さて早いもので「CQをポケットに地球一周の船旅」シリーズも第6回目になりました。

シリーズ第1回~5回では、ピースボート第117回クルーズ(2024年4月から105日間)で世界18か国を巡った際に出会った、ユニークな人々や船内自主企画についてCQ(異文化適応力)理論で分析しながらご紹介してきました。

第6回目の今回は「いったん最終回」と銘打ち、クルーズ帰国後に感じた強烈な「逆カルチャーショック」について書きたいと思います。(なお旅を通して知った文化や社会課題などについては、今後番外編としてぼちぼち書いていきます)


帰国後の「逆カルチャーショック」

船旅では各寄港地での平均滞在時間は7~12時間に限定されます。それでも五感を通して感じた各地の印象は、ちょっとしたエピソードとともに強く心に残り続けます。

アイスランドの荒涼とした大地溝帯で吸った澄み切った空気、
メキシコの港町の鮮やかな建物や果物の色彩、
アラスカ氷河の雷を思わせる凄まじい崩落の音と痛みを伴う寒さ、
コスタリカのまとわりつくような湿気とジャングルの濃い緑、
そして各地の人々の異なるふるまいや表情など…。

そして戻ってきた日本は、まるで新しい「眼鏡」をかけているかのように新鮮に見えると同時に、多くの衝撃をもたらしました。


南米コロンビアの港町 カルタヘナー色とりどりの昼間の街角と夜の摩天楼

世界一綺麗な公衆トイレー緻密な国、日本

帰国後まもなく、人もまばらな観光地の片隅にある公衆トイレを使う機会がありました。最新式のLED自動清掃機能付きのトイレで、ピカピカの白い壁にはたくさんの「注意書き」が掲示されていました。

世界一周の途中、観光地で使った公衆トイレの数々を思い出しました。
ノルウェーのベルゲンでは観光地図に載っている無料公衆トイレはなぜかすべて閉鎖されており、困った挙句にホテルのトイレを宿泊客のふりをして使わせてもらいました。
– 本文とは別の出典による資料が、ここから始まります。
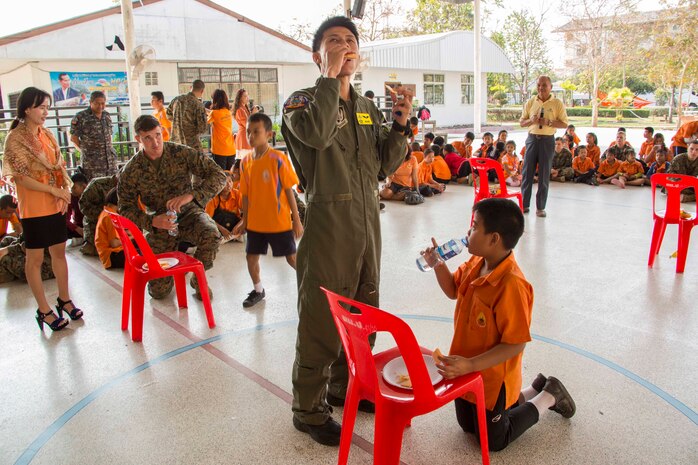 Flight Lt. Rungroj Pomwatthanamongkol, right, and Lance Cpl. Michael Bridenstine enjoy a community relations project with students from Nakhon Ratchasima Punyanukul School in Nakhon Ratchasima, Kingdom of Thailand, during a community relations event for exercise Cobra Gold 2014 Feb. 11. CG 14 is a joint, multinational exercise conducted annually in the Kingdom of Thailand aimed at enhancing and increasing multinational interoperability. Pomwatthanamongkol is a pilot with Squadron 401, Wing 4, Royal Thai Air Force. Bridenstine is a chemical, biological, radioactive, nuclear defense specialist with Marine Aircraft Group 12, 1st Marine Aircraft Wing, III Marine Expeditionary Force.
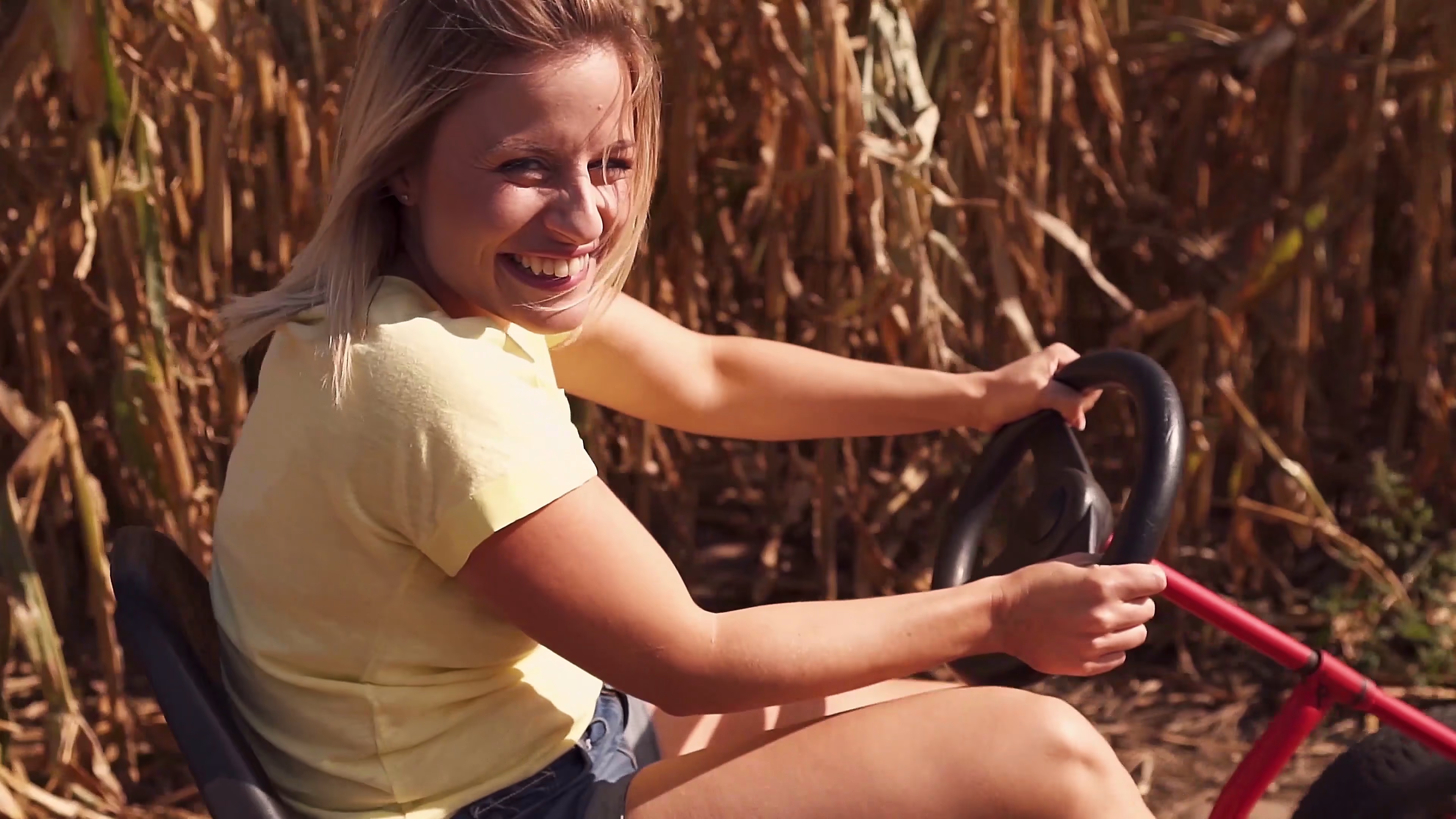 Lisa smiling while driving a go-kart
フランスの有名観光地では古い公衆トイレはあったものの便座がなく、太もものスクワット筋トレをすることに。(ガイドさんによると便座の盗難が多いので撤去されることが多いとのこと)

世界のどこでも公衆トイレというとたいてい閉まっているか、有料か、あってもあまり「綺麗」ではありませんでした。快適に使いたければカフェや店舗に入るしかありません。

ホフステードの6次元モデルのスコアをみると、日本は不確実性回避と達成志向ともに世界で突出したポジションにあります。その特徴は、緻密で完璧を求めてひたすら努力する傾向にあります。日本のハイテク公衆トイレの存在は、その「注意書き」の多さと共に日本の文化的価値観の影響を際立たせています。

米国アラスカ州スワードーのホームセンターにて:
釣り道具に並んで売られている大量の銃ー「セール価格で199ドル」

コンビニから見えてきたー優れた段取りの国、日本

旅行先では様々な国のコンビニエンス ストアを利用しましたが、日本ほど手際よく細やかなサービスを提供している国はありません。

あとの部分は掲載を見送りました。